Beginning in the '40s, Cuban music made the reverse migration back to West Africa, from whence had come the slaves and the rhythmic sensibility that had helped give rise to the son and the rumba in the first place. The Africans not only "got" the Cuban style, they recognized it as kin. Owing to the vicissitudes of European imperialism, the Senegalese spoke French. Spanish was just a bunch of syllables to be sung phonetically, but that proved no great obstacle. Soon enough, Senegal boasted its own roster of crackerjack Cuban-style combos, with the Orchestra Baobab, an all-star group that came together at Dakar's Club Baobab in 1970, first among them.
In a post-colonial Africa increasingly in love with the ideals of African-ness, the Orchestra Baobab were successfully able to modify the Cuban template, adding percussion elements from the Casamance region in the south and "praise songs" from the Wolof country in the north. These tribal tales of moral advice and uplift were voiced in eerie, impassioned timbres that had never graced Cuba's Orquesta Aragon or the Benny More band. By the mid-'80s, it was over. The Orchestra Baobab was "old school," replaced by a new generation of Afro-Pop superstars like Youssou 'Dour and Baaba Maal playing in a jumpy six-beat Wolof-rock hybrid called mbalax. As indebted to Western pop and rock as heavily as Baobab was to Cuba, 'Dour and Maal nevertheless captured the imagination of Senegal and a large and emerging Western World Music audience. They were and are revered as latter-day griots, traditional storytellers, in a way that was beyond the Baobab group in their chinos and sport shirts.

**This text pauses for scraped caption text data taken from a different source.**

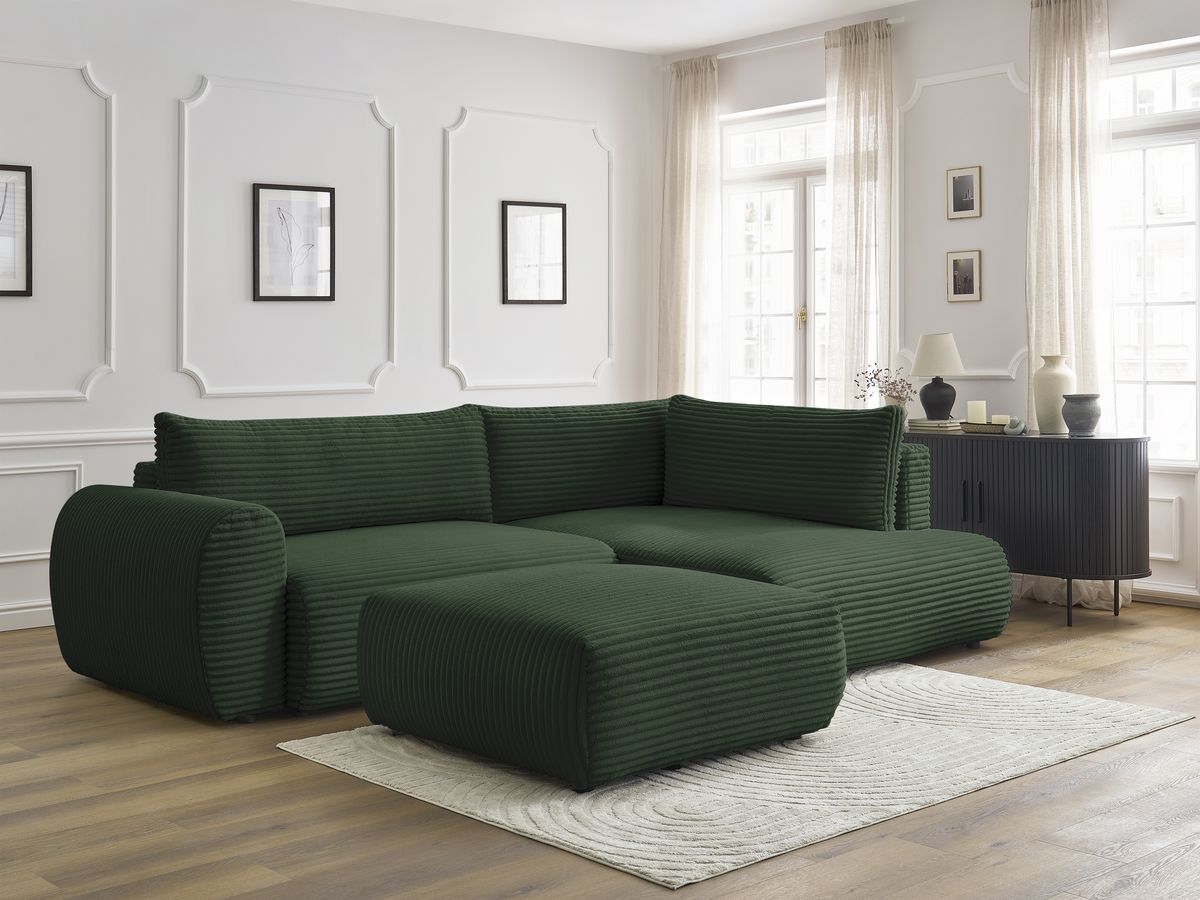 Canapé d'angle L convertible coffre LUCIEN gros côtelé doux avec pouf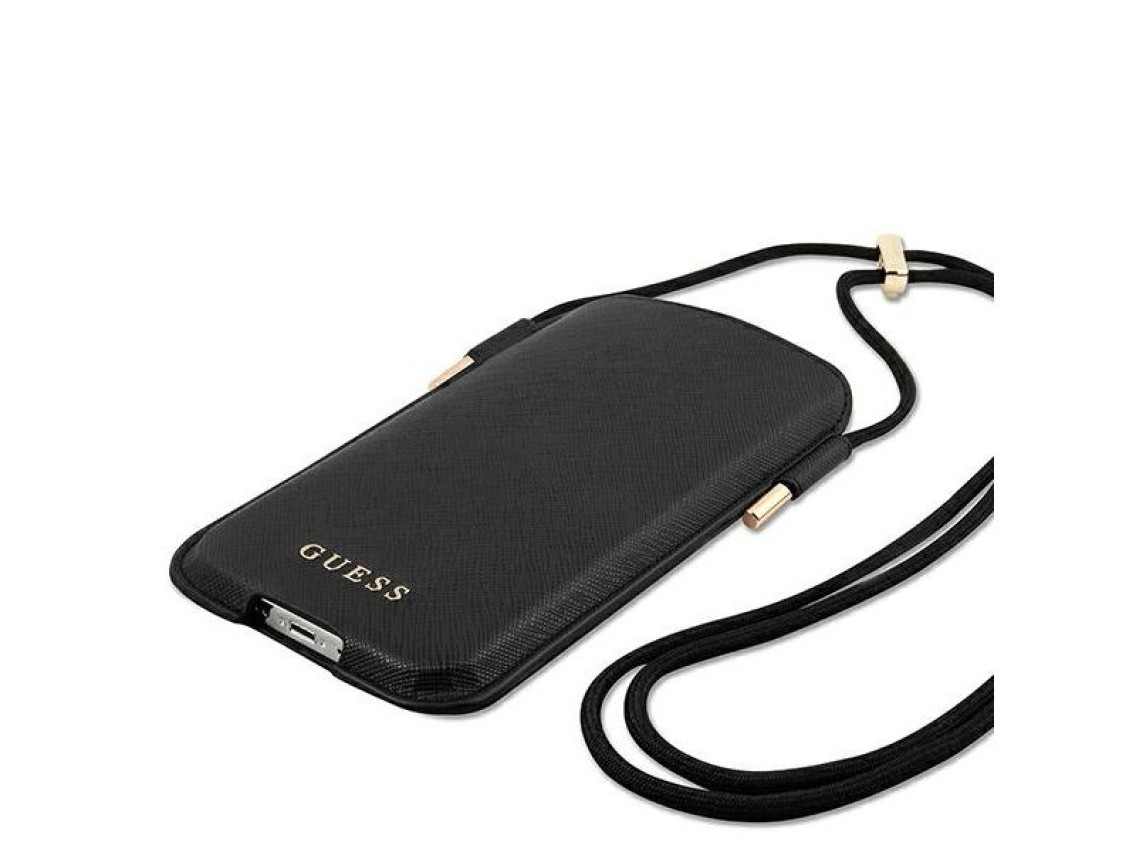 Bolsa Guess GUHCP12MSAPSBK 6.1" preta/preta Saffiano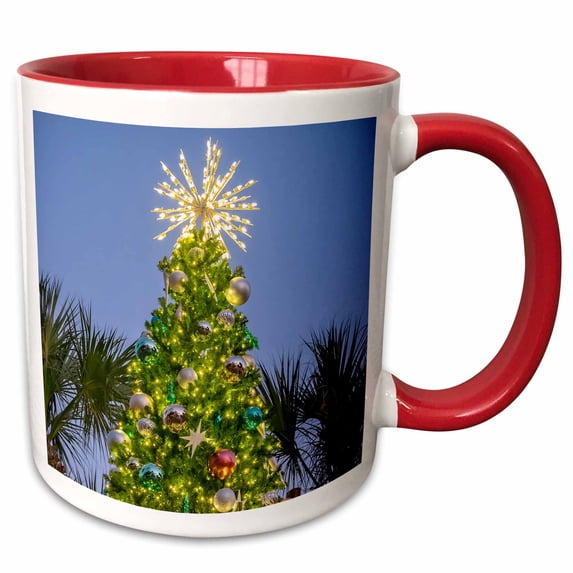 3drose, Decorated Christmas Tree Outdoors, 15oz Two-tone Red Mug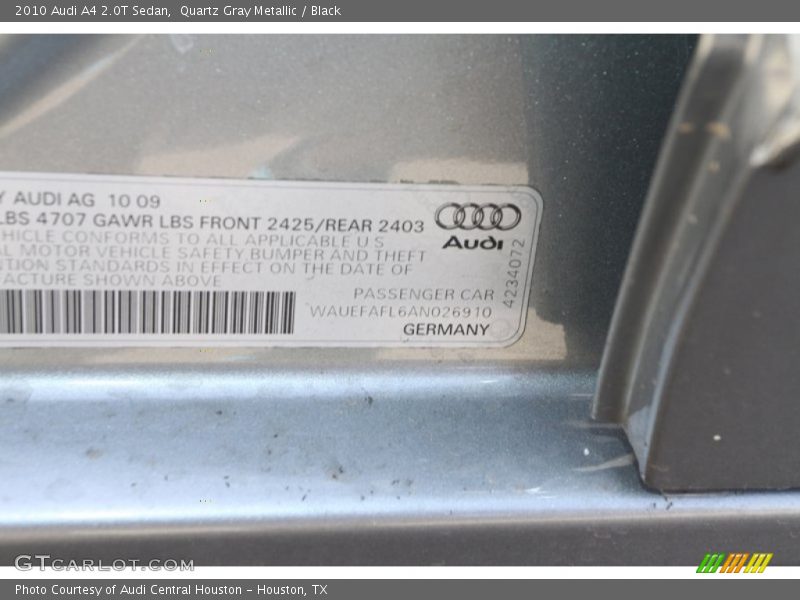 Quartz Gray Metallic / Black 2010 Audi A4 2.0T Sedan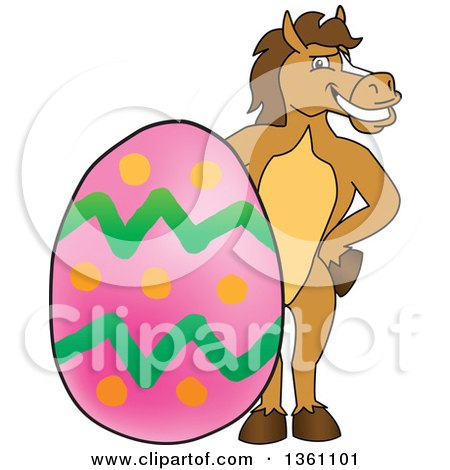 Clipart of a Horse Colt Bronco Stallion or Mustang School Mascot Character Posing with a Giant Easter Egg - Royalty Free Vector Illustration by Mascot Junction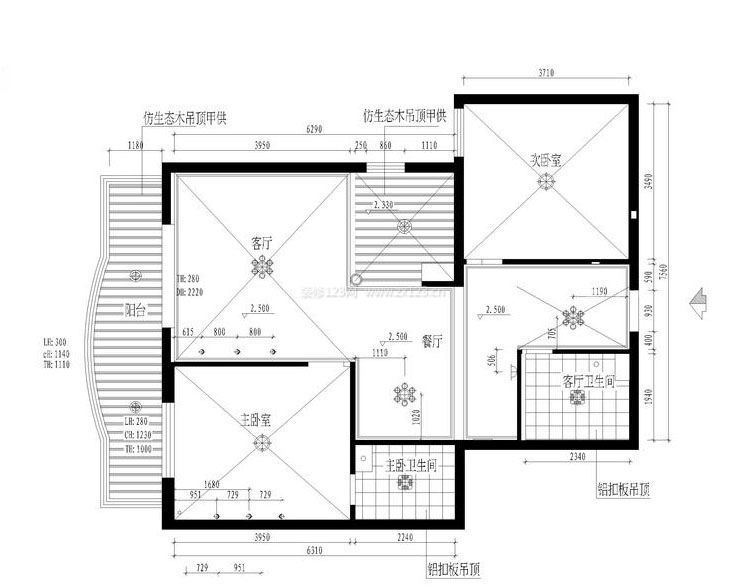 兩室兩廳90平米農(nóng)村別墅戶型圖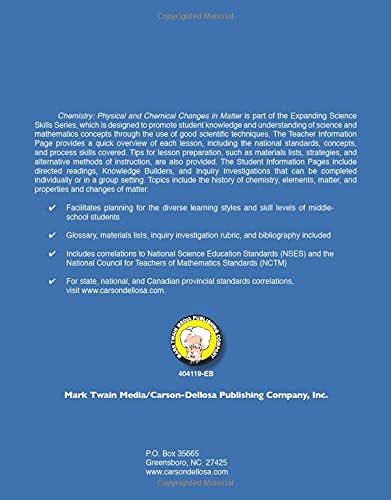 Mark Twain  Chemistry, Grades 6  12 (Expanding Science Skills Series),Used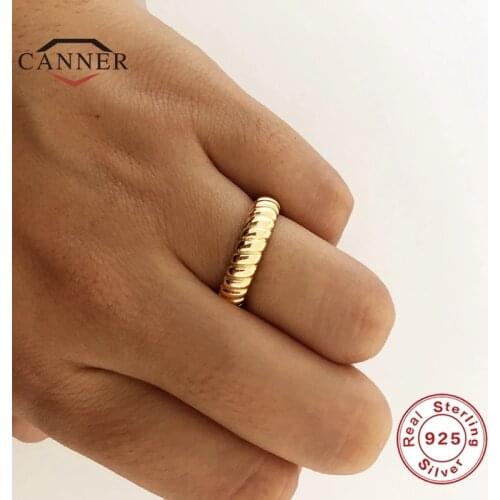 CANNER 925 Sterling Silver 2020 Popular Minimalist Niche Twist Rings female Ring for Women Gold Color Ladies Jewelry anillos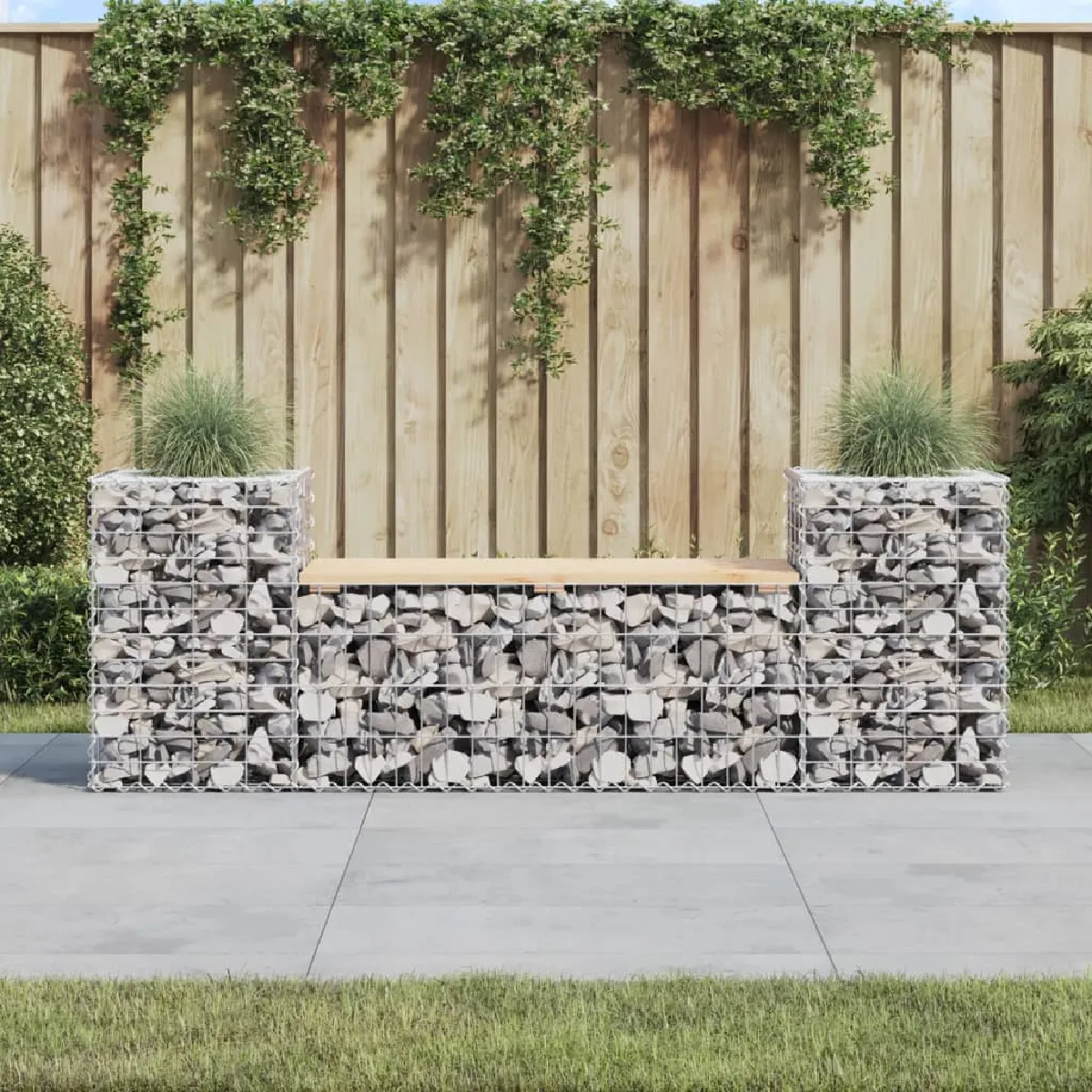 vidaXL Banc de jardin design gabion 183x41x60 5 cm bois massif de pin 834387 - vue 2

In this story, musical evolution never proceeds in a straight line; everything bends back to the starting point. Nick Gold, the World Circuit records chief who did his part to usher in the '80s craze for West African World Music, fell in love with traditional Cuban music through some old recordings of the Orchestra Baobab. Suitably inspired, he rounded up a bunch of overlooked, long-in-the-tooth Cuban musicians, came up with a fictional pedigree (in some parallel universe, they might have played together in a real but long-defunct Havana nightclub) and launched what became the Buena Vista Social Club juggernaut, ushering in a second, Cuban-centric World Music wave. Orchestra Baobab made for an ideal follow-up. Its members, after all, had actually lived the Buena Vista story line, i.e. the brilliant, discarded band whose fortunes rose and fell with a legendary nightclub that gave them their name.
Last year's reissue of some choice '82 tracks, the double-CD Pirates Choice (World Circuit/Nonesuch) found an audience, paving the way for Specialist In All Styles, a full-dress rehabilitation and reintroduction of the band that, after having fallen apart completely in 1987, is now up and running as a touring unit — and a shockingly good one, based on the evidence of this record. Key members of the original band are back, among them: Wolof praise singer Ndiouga Dieng and two singers, Balla Sidibe and Rudy Gomis, who bring a harmonic sensibility peculiar to their Casamance region. Or so the ethno-musicologists tell me. But even the innocent Western ear will pick out Issa Cissokho, a saxophonist from the James Brown school of muscular funk, and the revelatory electric guitarist Barthelemy Attisso who emerged from a 15-year musical retirement to offer up immaculate single-note solo runs that, depending on the tune, can recall Django Reinhardt, Charlie Christian, or the Ventures.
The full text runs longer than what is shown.